→ **Task to complete**
An exact copy of the data is required. No picture may appear in it.

→ **Stored data**
=== Section Start ===
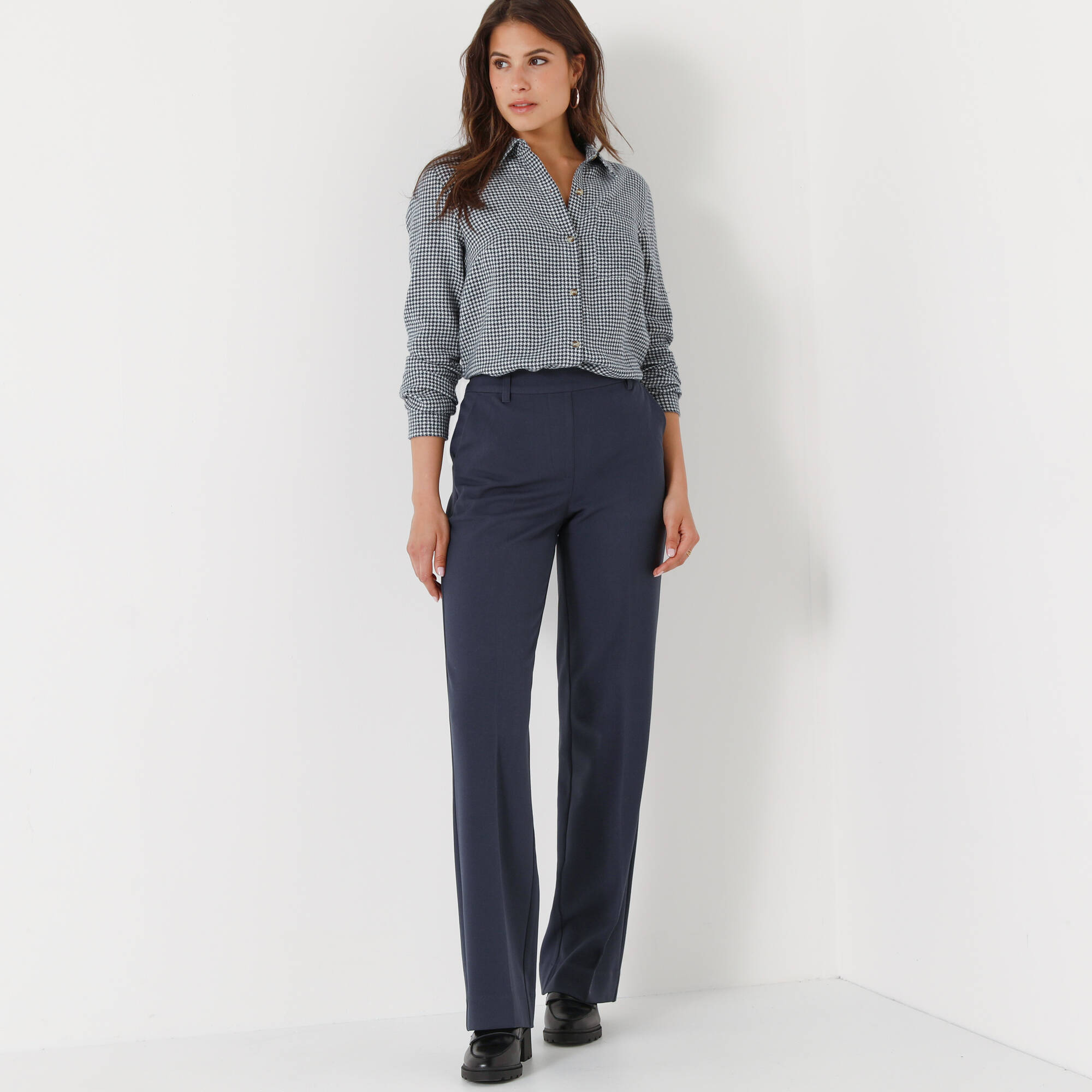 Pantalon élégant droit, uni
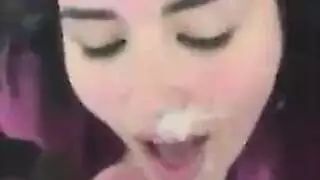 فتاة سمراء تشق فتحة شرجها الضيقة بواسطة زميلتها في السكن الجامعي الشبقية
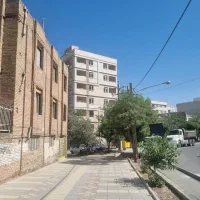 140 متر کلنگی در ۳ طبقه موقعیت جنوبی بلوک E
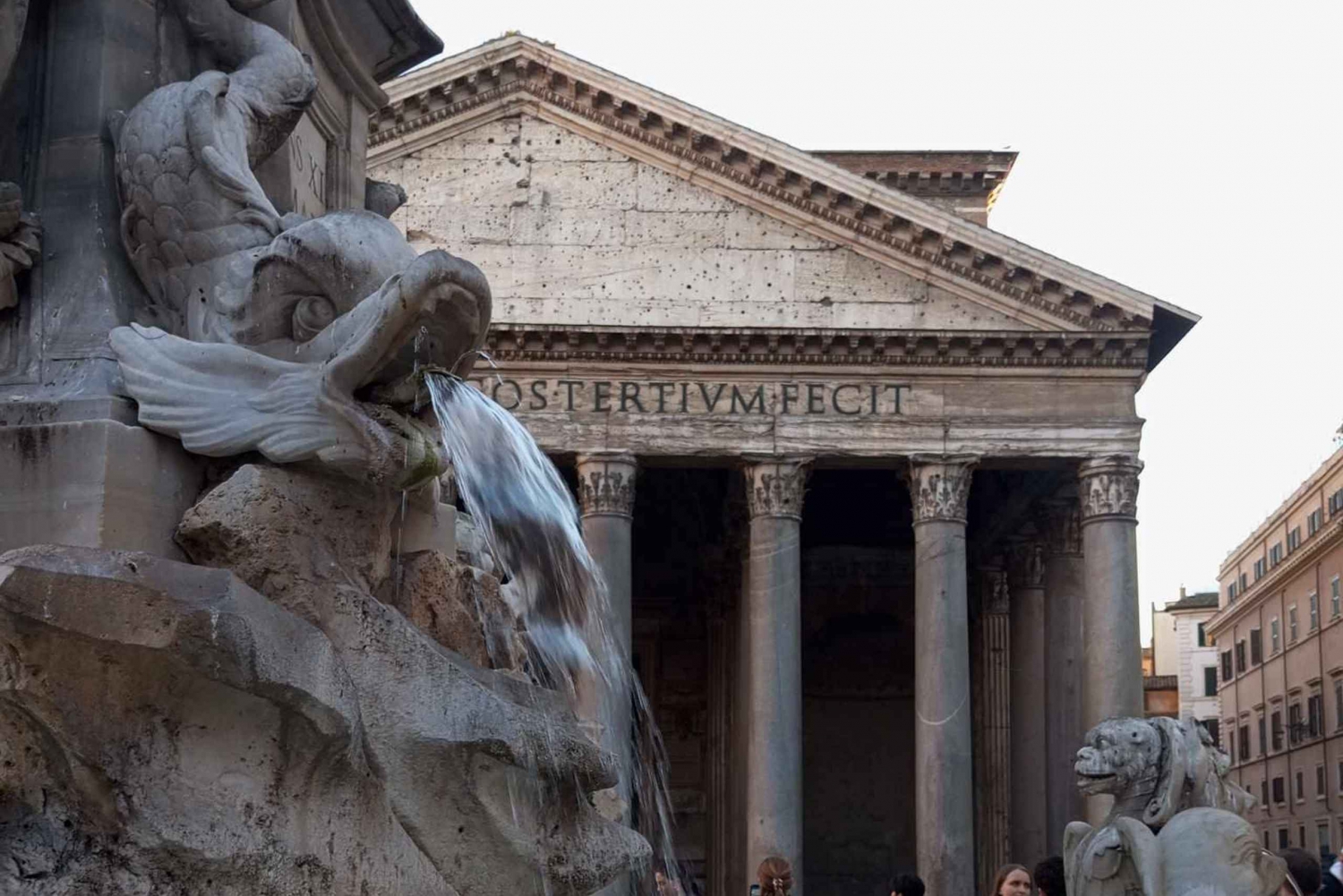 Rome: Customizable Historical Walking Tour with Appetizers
=== Section End ===
→ **Result for this task**
 Pantalon élégant droit, uni
 فتاة سمراء تشق فتحة شرجها الضيقة بواسطة زميلتها في السكن الجامعي الشبقية
 140 متر کلنگی در ۳ طبقه موقعیت جنوبی بلوک E
 Rome: Customizable Historical Walking Tour with Appetizers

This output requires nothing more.